Platform as a Service (Paas)
In this paradigm, the hardware, operating system, virtualization and code runtime is abstracted away, as is the High Availability to some degree. Scale is also handled by the PaaS provider.
It's easiest to think of a PaaS system as one single computing resource. You can write code that will scale outward as you pay for more capacity. Of course, there is a specific way to write this type of code, called "stateless programming", but it's a well-understood and not specific to any one vendor. In fact, at its core, good web development is usually written in a stateless fashion.
A PaaS system starts with writing code.
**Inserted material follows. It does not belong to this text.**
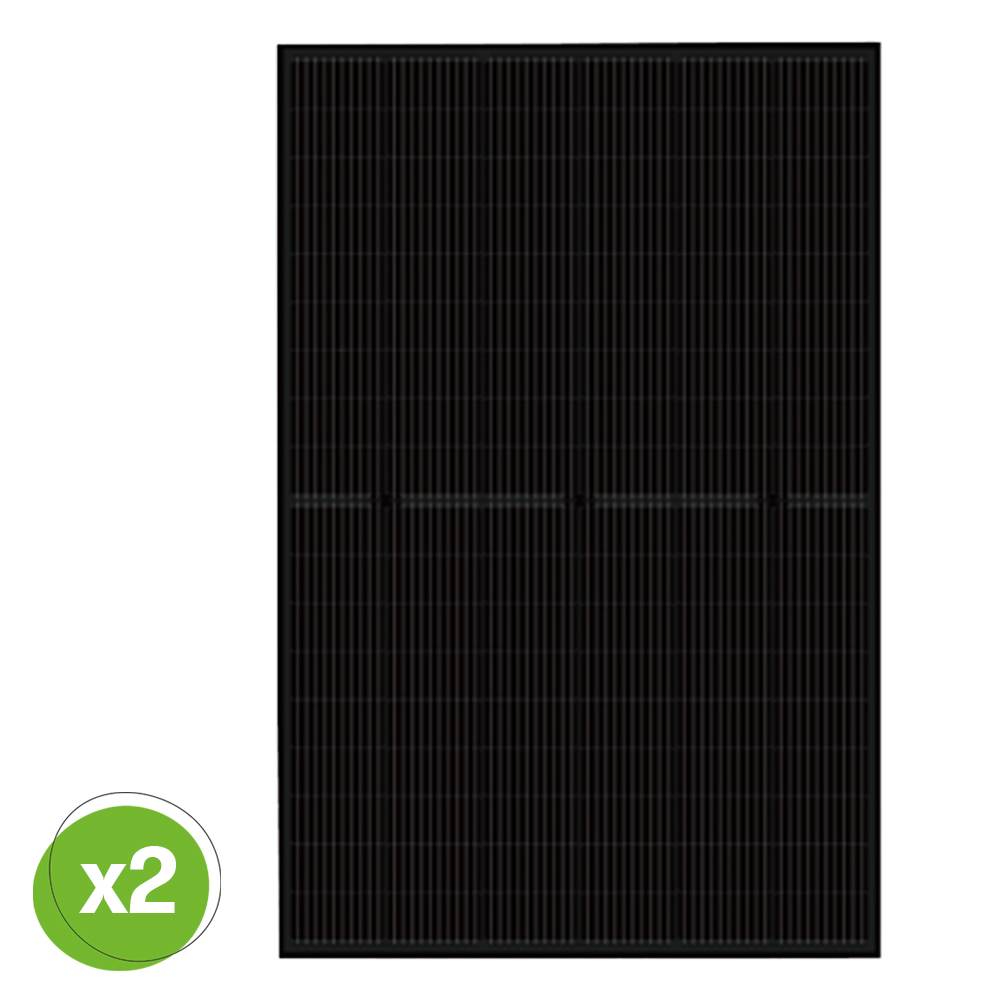 Frontansicht: Luxen 450W Full-Black Solarmodul, unten links ist ein grüner Kreis mit x2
PaaS is not meant to host 3rd party software — that's the job of IaaS. In PaaS you write code, deploy that to the PaaS provider, and your users access that. In this case your users might be internal to your company or they may be customers accessing a website. An example is the http://LoveCleanLondon.org site. This website is running on the Windows Azure and SQL Azure PaaS, and the users are actually the citizens of the city of London, England in the UK.
Another use-case for PaaS is when you have no desire or need to control the underlying components such as the operating system or the scaling technology. Your desire is to have a place that will run your code and be available for your users or customers.
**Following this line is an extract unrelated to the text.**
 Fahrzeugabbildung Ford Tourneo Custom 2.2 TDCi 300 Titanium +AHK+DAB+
The first considerations for a PaaS provider are the platforms available. That normally equates to a programming language, but may include underpinnings such as .NET, Java runtimes, environments and so on.
Once again, you need to be able to trust the vendor. This time you not only have to trust that they will be around in a few years, but you need to trust their security, facilities, global reach, bandwidth, and even their upgrade procedures. This means you need to learn what those are, and operated within them.
The cost model for a PaaS provider often has multiple factors. For instance, there may be a charge for the computing power, the storage, and the network bandwidth or connections — or all of the above. This is a different way of thinking about computing, since we're often used to paying a large fee up-front when we purchase a technology and then using it "for free" from then on. Of course, we're always renewing software contracts, buying new servers, hiring new people to learn and run those systems and so on, but we tend to forget those costs. You'll need to factor those in when you're comparing the costs of a PaaS offering, and you may even need to restructure accordingly.
Microsoft implements PaaS in two systems: Windows Azure and SQL Azure.
Windows Azure is composed of three parts. The first is the "Computing" function, which provides the ability to write web sites using .ASPX or PHP or Tomcat servers. You can also write .NET code, Java, Ruby on Rails, C++ and other code using the compute function.
The second component of Windows Azure is storage. Windows Azure has multiple types of storage, from Binary Objects (Blobs) to Key-Value Pair C++-like "HashTables" which can be quite large in size — often used in a fashion similar to "NoSQL" systems. There are queues that allow the compute functions to maintain a stateless paradigm as well.
The third component of Windows Azure is the "Application Fabric". This component provides a security layer so that you can use Windows Authenticated logins to your applications, OpenID systems such as Windows Live, Facebook and Yahoo logins. It also has a "Service Bus" layer that you can use for message-queue type communications both in and out of your own organization, which you could use to make a "Hybrid Cloud", using applications in your organization on the web. It also has a cache component, so that you applications can perform better.
SQL Azure is essentially a version of SQL Server running on the web — and I've described it in more detail here.
You can use any or all of these components (compute, storage, application fabric, SQL Azure) together or separately. You pay for what you use in different ways for each of them.